Scritto da Carlo Scafuri takumilifestyle.com -

Quella del Bonsai (盆栽: da “bon” - vassoio o vaso - e “sai” - prendersi cura, coltivare -) è un’antica arte giapponese che permette di compenetrarsi nella Natura. L’origine di tale pratica è antica ed a tratti incerta. Nata in Cina, attraverso il buddismo - ponte fondamentale tra le due culture - giunse in Giappone dove assunse ed inglobò aspetti shintoisti e taoisti, diventando una vera e propria arte capace di esprimersi attraverso un’estetica profondamente legata alla Natura.
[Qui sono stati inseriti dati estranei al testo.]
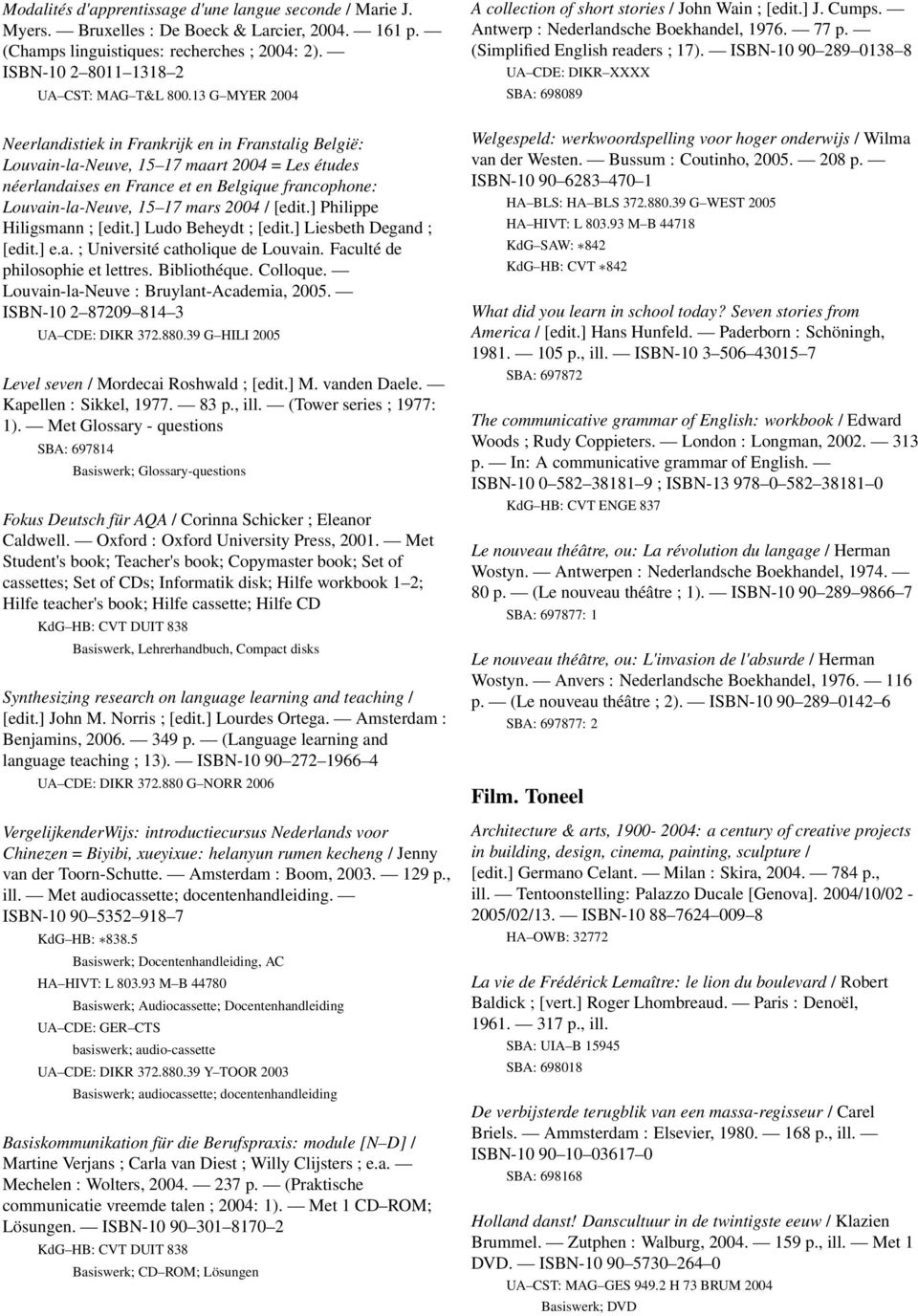 2004 / [edit.] Philippe Hiligsmann ; [edit.] Ludo Beheydt ; [edit.] Liesbeth Degand ; [edit.] e.a. ; Université catholique de Louvain. Faculté de philosophie et lettres. Bibliothéque. Colloque.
Così come per le altre arti tradizionali nipponiche, anche quella del bonsai è una pratica in continua evoluzione, un viaggio senza una vera e propria meta, volto ad un “semplice” insegnamento: non esiste che il qui ed ora. Ciò che la rende diversa dalle altre, è che in questo caso l’oggetto della pratica è esso stesso soggetto in continuo divenire. Durante la formazione di un bonsai, ad un certo punto, per quanto la sua forma possa essere stabilita come definitiva, in realtà non è che una “fotografia istantanea” scattata in un particolare momento da noi scelto per poterla rappresentare; in quanto soggetto vivo, e benché in modo più o meno impercettibile, lo scorrere del tempo continuerà a mutarne la forma ancora e ancora.

Avere un bonsai da educare e di cui prendersi cura, vuol dire comprendere la sua unicità. Compito del bonsaista è quindi permettere a tale unicità di potersi esprimere liberamente e con armonia, in primis attraverso il linguaggio dell’estetica tradizionale giapponese. In parole povere, il nostro piccolo albero dovrà poter comunicare la propria essenza attraverso una forma naturale tra le infinite possibili. Nell'imprimere una forma il fine del bonsaista non sarà quindi il mero raggiungimento di un ideale estetico, ma il farsi mezzo attraverso il quale il piccolo albero possa esprimere se stesso e la natura di cui è emanazione.

Educare un bonsai implica quindi entrare in sintonia con esso, scoprirne e comprenderne il carattere, per poi valorizzarlo il più possibile attraverso una forma coerente. Ma cosa vuol dire “scoprire e comprendere il carattere” di un bonsai? Significa rivelarne le qualità, dalle quelle più palesi a quelle più nascoste, considerandone con attenzione pregi e difetti. La prima, quella più evidente ed impattante sin dal primo sguardo, è senz’altro la distinzione tra ‘maschile’ e ‘femminile’... e qui si apre un vero e proprio dedalo concettuale dal quale cercheremo di uscire facendo luce sugli aspetti più salienti.

Già a una prima occhiata può venire istintivo antropomorfizzare le forme e ascriverle a uno dei due generi. Ad esempio: un albero grosso dal tronco maestoso e con una chioma imponente, può facilmente riportarci a caratteristiche di tipo maschile, mentre un esile ciliegio in fiore o una callicarpa vestita dei suoi soli grappoli di frutticini purpurei, richiama subito alla mente dei connotati femminili.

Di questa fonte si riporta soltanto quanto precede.